[EXERCISE AIM]
Reproduce the lines below exactly, from the one containing "Stainless Flexible Kitchen Faucet" through the one containing "Large Linen Make Up Bag - Image 5", both included. Leave out any pictures.

+--

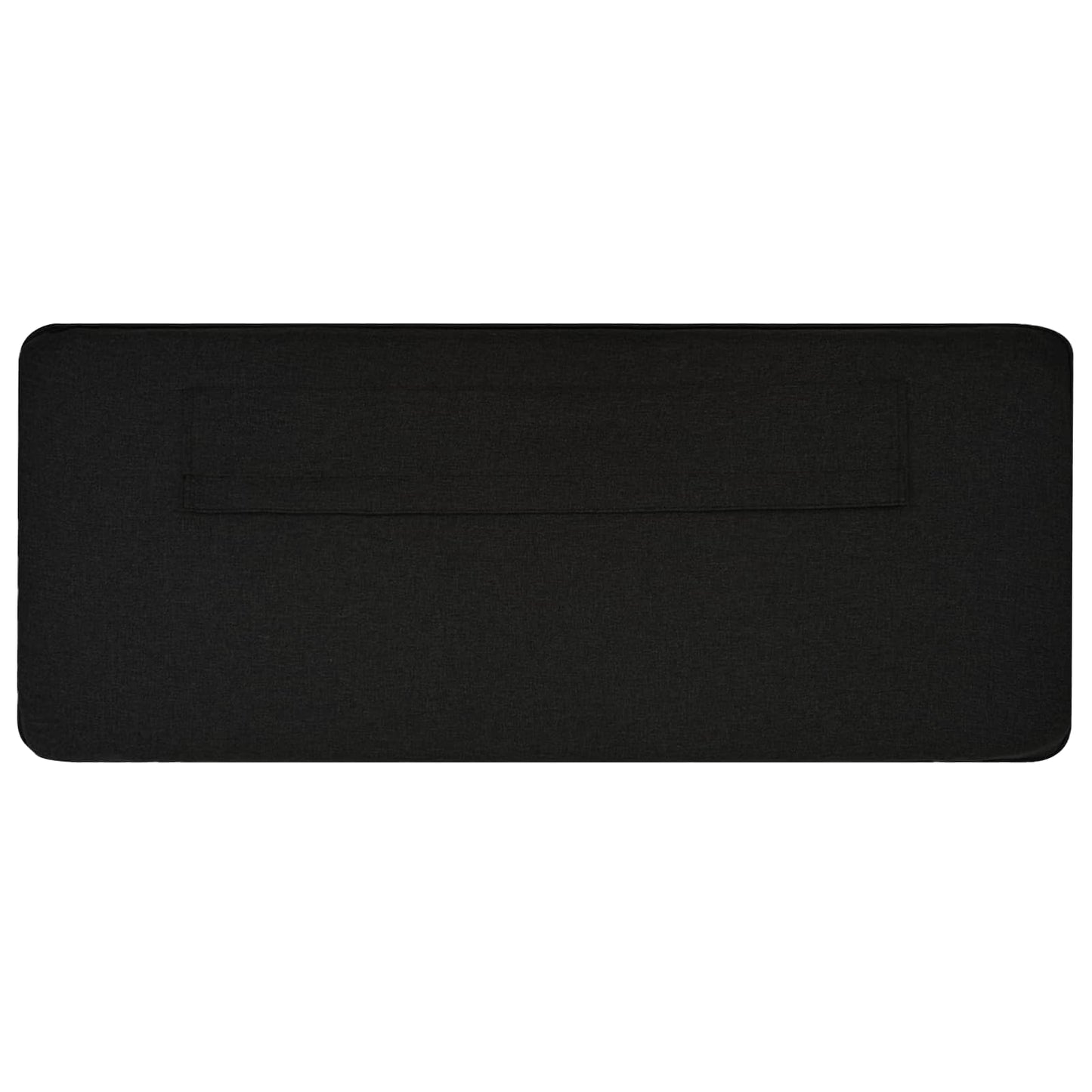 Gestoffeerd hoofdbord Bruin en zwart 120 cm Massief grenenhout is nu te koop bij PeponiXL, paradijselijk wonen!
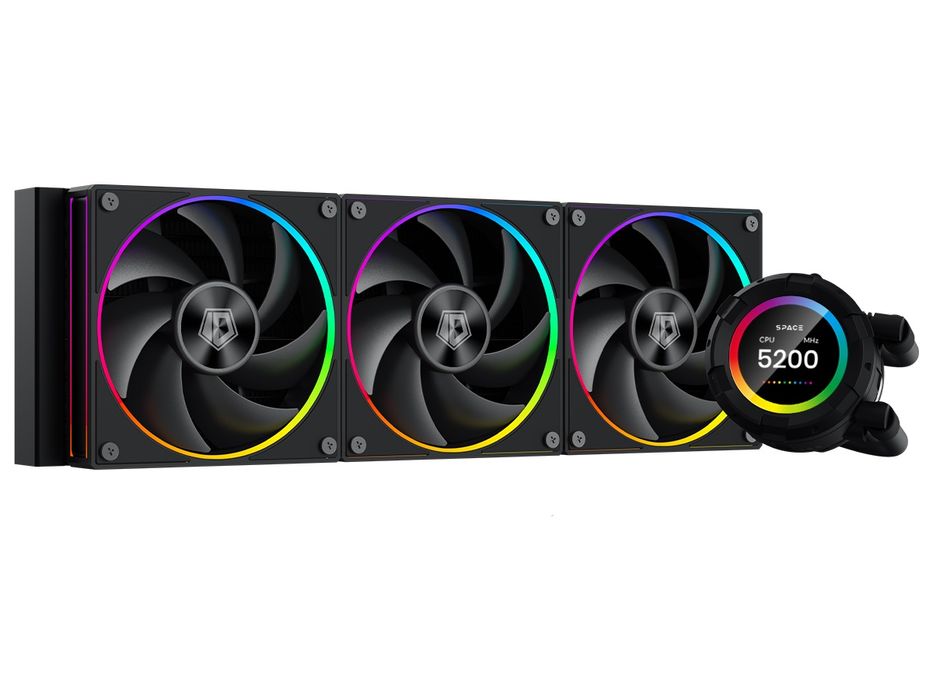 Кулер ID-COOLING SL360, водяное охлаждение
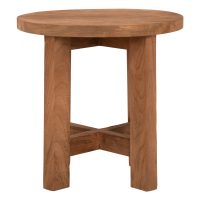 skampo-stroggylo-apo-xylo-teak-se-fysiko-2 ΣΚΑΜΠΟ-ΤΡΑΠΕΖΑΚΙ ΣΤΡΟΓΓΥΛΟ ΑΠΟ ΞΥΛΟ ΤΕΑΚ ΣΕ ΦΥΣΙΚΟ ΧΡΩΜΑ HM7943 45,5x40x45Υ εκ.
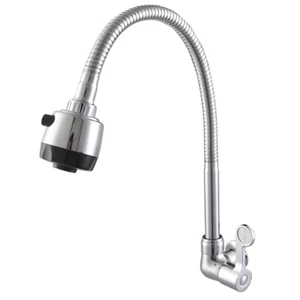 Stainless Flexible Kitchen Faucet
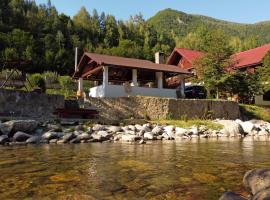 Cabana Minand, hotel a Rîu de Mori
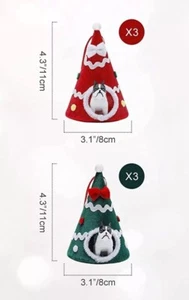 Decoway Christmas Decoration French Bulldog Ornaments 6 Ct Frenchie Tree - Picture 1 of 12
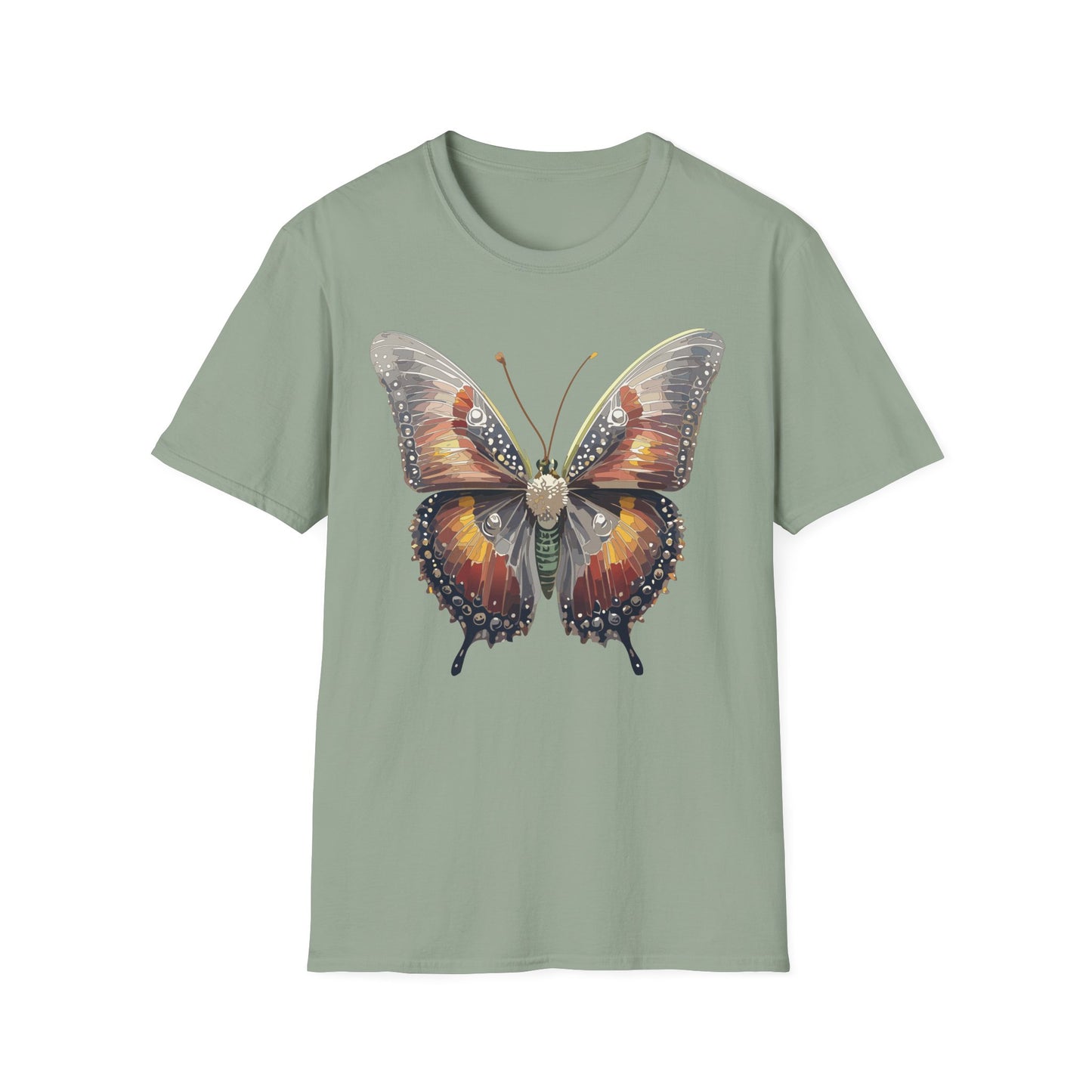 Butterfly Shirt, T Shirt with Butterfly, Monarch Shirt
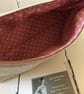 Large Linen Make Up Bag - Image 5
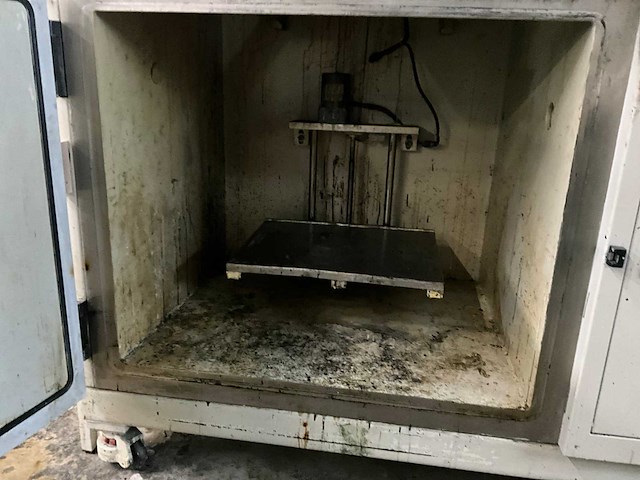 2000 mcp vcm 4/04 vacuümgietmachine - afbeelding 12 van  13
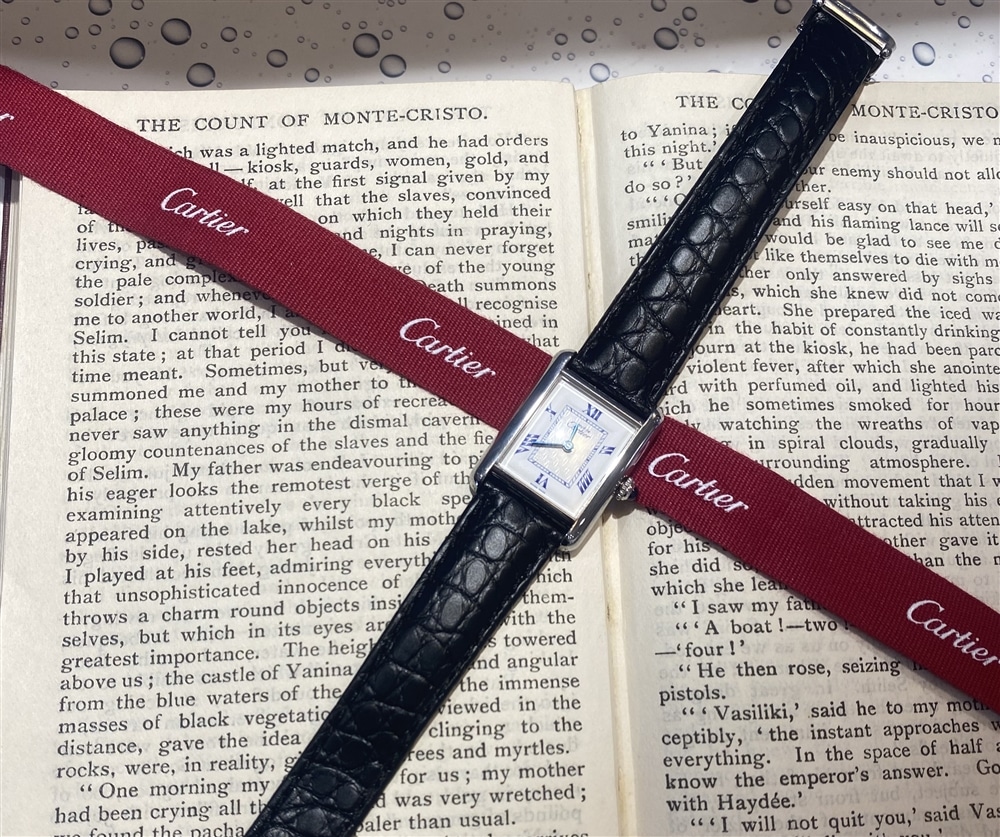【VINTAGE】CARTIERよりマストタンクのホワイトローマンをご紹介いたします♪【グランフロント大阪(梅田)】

+--

[COMPLETED TASK]
 Stainless Flexible Kitchen Faucet
 Cabana Minand, hotel a Rîu de Mori
 Decoway Christmas Decoration French Bulldog Ornaments 6 Ct Frenchie Tree - Picture 1 of 12
 Butterfly Shirt, T Shirt with Butterfly, Monarch Shirt
 Large Linen Make Up Bag - Image 5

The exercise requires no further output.